Немногим ранее, около 780 года, родители и почти все родственники Феодора (братья Иосиф и Евфимий, а также сестра) приняли монашество. Перед тем как покинуть мир и Константинополь, они отпустили на свободу рабов и слуг, раздали имущество нуждающимся. Феодор с двумя братьями поселился в монастыре своего дяди. Преподобный Платон постриг его в монахи и стал духовником новоначального инока. «Воспитанный в мягкости и в покое», Феодор выполнял в монастыре самую тяжелую работу, которую обычно делали рабы: рубил дрова, носил воду и камни для монастырских нужд, копал землю под огороды.

Соблюдая пост, начинающий монах придерживался средней меры.
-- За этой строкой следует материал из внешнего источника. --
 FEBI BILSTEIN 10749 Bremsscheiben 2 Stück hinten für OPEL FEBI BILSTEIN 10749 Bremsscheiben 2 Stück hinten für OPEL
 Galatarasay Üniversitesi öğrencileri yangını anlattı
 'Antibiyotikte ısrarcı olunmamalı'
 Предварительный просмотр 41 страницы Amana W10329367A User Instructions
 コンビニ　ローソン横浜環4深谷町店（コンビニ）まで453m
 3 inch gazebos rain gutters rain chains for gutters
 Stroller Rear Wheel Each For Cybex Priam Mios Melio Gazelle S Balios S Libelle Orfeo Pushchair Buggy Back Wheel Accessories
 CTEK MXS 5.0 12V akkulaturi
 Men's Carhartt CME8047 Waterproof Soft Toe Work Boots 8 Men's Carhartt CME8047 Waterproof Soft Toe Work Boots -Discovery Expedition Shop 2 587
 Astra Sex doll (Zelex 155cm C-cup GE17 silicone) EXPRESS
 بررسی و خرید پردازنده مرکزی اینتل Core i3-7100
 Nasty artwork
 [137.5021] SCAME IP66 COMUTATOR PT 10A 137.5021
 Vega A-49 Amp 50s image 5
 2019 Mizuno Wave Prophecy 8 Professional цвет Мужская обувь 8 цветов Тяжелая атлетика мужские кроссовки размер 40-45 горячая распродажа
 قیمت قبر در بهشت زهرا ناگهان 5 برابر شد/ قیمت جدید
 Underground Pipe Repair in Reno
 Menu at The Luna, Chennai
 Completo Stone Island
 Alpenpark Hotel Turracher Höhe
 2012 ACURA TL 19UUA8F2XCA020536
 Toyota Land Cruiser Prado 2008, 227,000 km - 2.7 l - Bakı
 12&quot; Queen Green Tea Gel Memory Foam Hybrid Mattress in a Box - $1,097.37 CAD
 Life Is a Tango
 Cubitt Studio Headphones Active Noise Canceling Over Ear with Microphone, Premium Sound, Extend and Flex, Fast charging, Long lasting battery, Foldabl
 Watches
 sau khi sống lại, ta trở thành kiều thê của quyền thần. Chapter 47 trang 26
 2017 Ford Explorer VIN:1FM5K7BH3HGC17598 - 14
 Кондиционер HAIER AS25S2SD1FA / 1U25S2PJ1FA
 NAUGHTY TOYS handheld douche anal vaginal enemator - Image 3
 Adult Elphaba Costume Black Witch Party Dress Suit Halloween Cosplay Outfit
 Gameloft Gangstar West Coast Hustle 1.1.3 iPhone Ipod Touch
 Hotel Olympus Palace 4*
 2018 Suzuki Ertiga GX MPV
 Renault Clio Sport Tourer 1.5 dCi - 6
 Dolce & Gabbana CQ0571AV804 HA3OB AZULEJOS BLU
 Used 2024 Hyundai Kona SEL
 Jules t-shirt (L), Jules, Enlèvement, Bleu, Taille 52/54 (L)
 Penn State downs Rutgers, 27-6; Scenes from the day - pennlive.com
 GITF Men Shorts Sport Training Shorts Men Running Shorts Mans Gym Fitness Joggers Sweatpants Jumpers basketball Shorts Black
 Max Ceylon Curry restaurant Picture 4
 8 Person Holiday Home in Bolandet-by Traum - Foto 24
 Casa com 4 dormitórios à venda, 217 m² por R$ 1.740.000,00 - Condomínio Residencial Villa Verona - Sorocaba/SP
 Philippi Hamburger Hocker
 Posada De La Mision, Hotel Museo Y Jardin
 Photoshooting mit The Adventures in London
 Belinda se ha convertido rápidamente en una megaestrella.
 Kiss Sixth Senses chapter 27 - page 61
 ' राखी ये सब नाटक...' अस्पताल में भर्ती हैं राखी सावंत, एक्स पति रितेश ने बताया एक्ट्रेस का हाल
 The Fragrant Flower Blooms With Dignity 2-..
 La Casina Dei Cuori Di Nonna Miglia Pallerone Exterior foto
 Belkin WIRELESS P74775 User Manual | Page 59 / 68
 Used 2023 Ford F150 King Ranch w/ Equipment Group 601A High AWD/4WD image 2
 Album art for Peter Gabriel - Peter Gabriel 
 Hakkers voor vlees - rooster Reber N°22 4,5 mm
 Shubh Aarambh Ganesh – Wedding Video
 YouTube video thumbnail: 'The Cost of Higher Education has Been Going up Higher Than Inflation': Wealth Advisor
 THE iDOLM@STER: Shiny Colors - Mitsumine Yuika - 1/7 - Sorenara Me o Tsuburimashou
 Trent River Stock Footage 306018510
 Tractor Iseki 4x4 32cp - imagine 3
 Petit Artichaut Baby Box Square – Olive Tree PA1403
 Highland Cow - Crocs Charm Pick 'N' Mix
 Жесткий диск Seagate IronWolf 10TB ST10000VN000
Он не отказывался от пищи на продолжительное время, как иные аскеты, но и не отягощал себя яствами: «…толико плоти нужная подаваше, елико ей на оживление токмо доволно» (здесь и далее цитируется Житие Феодора Студита из сборника Нила Сорского)[241]. Впоследствии Феодор советовал ученикам не раздражать своих собратий чрезмерными аскетическими подвигами, употреблять в пищу хлеб, масло и даже «вина мало в благопотребное время», а также «прочие брашна в меру». Некоторым особо ревностным монахам, предпочитавшим ходить в любое время года босыми, он говорил, что нет вреда для души носить обувь, особенно зимой.

Видя духовный рост племянника, игумен Платон поставил его благочинным обители. Феодор начал борьбу с монашескими «стяжаниями». Прежде всего, он запретил рабский труд в обители. «Не истинные иноки», как называет их Житие, не соблюдали данный ими при постриге обет нестяжания. Они имели рабов для личных услуг, предметы роскоши. В монастырском хозяйстве также использовался рабский труд, благодаря которому торговля излишками продуктов и ремесленными изделиями приносила монахам значительный доход. Все это не согласовывалось с правилами древнего монашества, служило соблазном для мирян. Исследователи считают, что реформа, проведенная Феодором в монастыре, повлияла на жизнь и других обителей. Этот рассказ Жития наверняка привлек внимание Нила Сорского, который сам покинул Кириллов монастырь из-за стремления иноков к приобретению богатств и «стяжаний». Если в эпоху Феодора Студита (IX век) святые игумены считали, что современное им монашество отступило от предписаний древних отцов, то что говорить о времени Нила Сорского! Оно представлялось ему как величайший упадок.